# [TRY IT]
Take the listing below and write it out again exactly, skipping any picture that it holds.

# [EXERCISE DATA]
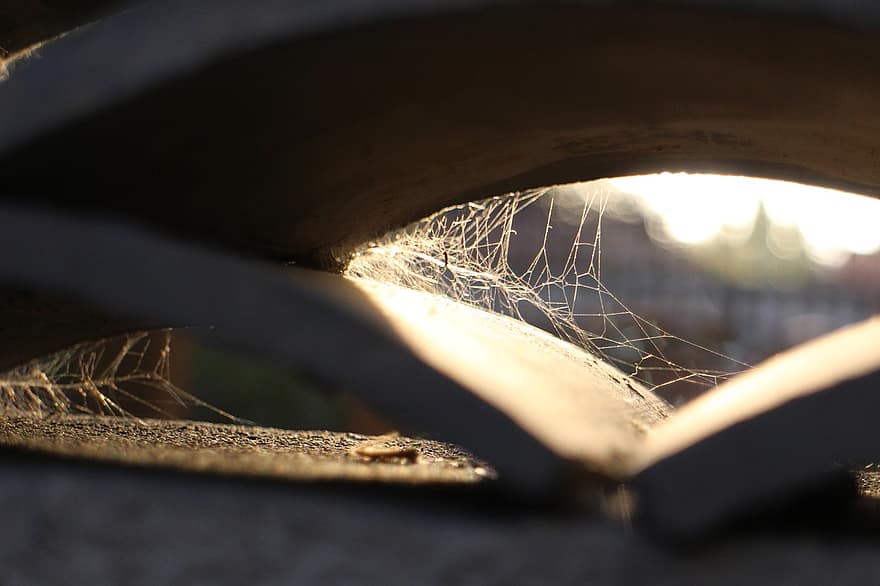 pavučina, pavoučí síť, beton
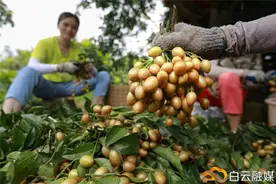舌尖上的“黄皮+”！龙岗黄皮有了新吃法、新销路 →图片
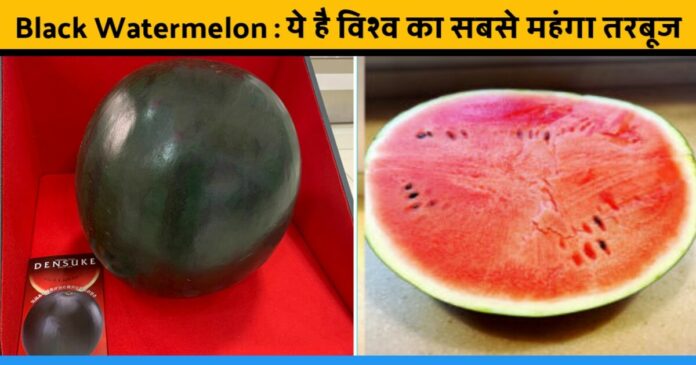 Know about most expansive watermelon in the world black watermelon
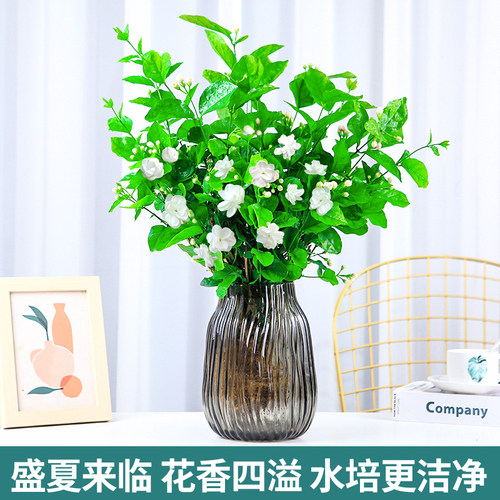 水培植物茉莉花盆栽花苗带花苞花卉植物室内阳台绿植浓香四季开花-封面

# [FINISHED TASK]
 pavučina, pavoučí síť, beton
舌尖上的“黄皮+”！龙岗黄皮有了新吃法、新销路 →图片
 Know about most expansive watermelon in the world black watermelon
 水培植物茉莉花盆栽花苗带花苞花卉植物室内阳台绿植浓香四季开花-封面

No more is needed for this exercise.